Example of a distributed validator creation

Let’s now show an example of how the creation of a new distributed validators protocol works. We assume five operators are registered in the DSC and have different nodes assigned to them, as described in [Figure 2].

Figure 2: Diva Operators with a different number of Diva Nodes registered.

$operator_{1} = \mathtt{0x0123}...$

$operator_{2} = \mathtt{0x4567}...$

$operator_{3} = \mathtt{0x89AB}...$

$operator_{4} = \mathtt{0xCDEF}...$

$operator_{5} = \mathtt{0x9876}...$

If the DSC detects that the balance of the Diva Pool is more than 32 ETHs, it will use the $\mathtt{RANDAO}$ to generate one random seed of value and derive the distributed validator UUID from it:

$Seed_{0}=\mathtt{0xBB9b}...$

From this seed, the DSC calculates the UUID that represents the creation of the new distributed validator as $\mathtt{HASH}(Seed_{0})$:

$$ValidatorID_1 = \mathtt{HASH}(\mathtt{0xBB9b}...)=\mathtt{0xD154}...$$

Participants and coordinators will calculate their weights relative to $Seed_{\mathtt{0xD154}}^{participants}$ and $Seed_{\mathtt{0xD154}}^{coordinators}$ respectively.
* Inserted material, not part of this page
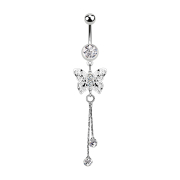 Banana silver with pendant king butterfly crystal silver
$$Seed_{\mathtt{0xD154}}^{participants} = \mathtt{HASH}(\mathtt{0xD154}...,0)=\mathtt{0x5050}...$$ $$Weight_{participant_{1}}=\mathtt{HASH}(\mathtt{0x5050}..., \mathtt{0x0123}...)=\mathtt{0x5173}...$$ $$Weight_{participant_{2}}=\mathtt{HASH}(\mathtt{0x5050}..., \mathtt{0x4567}...)=\mathtt{0x1537}...$$ $$Weight_{participant_{3}}=\mathtt{HASH}(\mathtt{0x5050}..., \mathtt{0x89AB}...)=\mathtt{0xD9FB}...$$ $$Weight_{participant_{4}}=\mathtt{HASH}(\mathtt{0x5050}..., \mathtt{0xCDEF}...)=\mathtt{0x9DBF}...$$ $$Weight_{participant_{5}}=\mathtt{HASH}(\mathtt{0x5050}..., \mathtt{0x9876}...)=\mathtt{0xC826}...$$

The participants colored in yellow are the ones with the lowest weight and therefore form the best set of participants for $ValidatorID_1$.
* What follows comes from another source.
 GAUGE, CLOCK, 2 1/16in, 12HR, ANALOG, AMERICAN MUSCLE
Assuming all operators are also coordinators, the weights of the coordinators are:

$$Seed_{\mathtt{0xD154}}^{coordinators} = \mathtt{HASH}(\mathtt{0xD154}...,1)=\mathtt{0xBA98}...$$ $$Weight_{coordinator_{1}}=\mathtt{HASH}(\mathtt{0xBA98}..., \mathtt{0x0123}...)=\mathtt{0xBBBB}...$$ $$Weight_{coordinator_{2}}=\mathtt{HASH}(\mathtt{0xBA98}..., \mathtt{0x4567}...)=\mathtt{0xFFFF}...$$ $$Weight_{coordinator_{3}}=\mathtt{HASH}(\mathtt{0xBA98}..., \mathtt{0x89AB}...)=\mathtt{0x3333}...$$ $$Weight_{coordinator_{4}}=\mathtt{HASH}(\mathtt{0xBA98}..., \mathtt{0xCDEF}...)=\mathtt{0x7777}...$$

The optimal DKG set is the one with the lowest $Weight_{min}^{total}$ that submits a valid BLS public key signed by all the nodes (using their Ethereum wallet). The optimal coordinator is the one that submits the optimal DKG set and has the lowest coordinator weight.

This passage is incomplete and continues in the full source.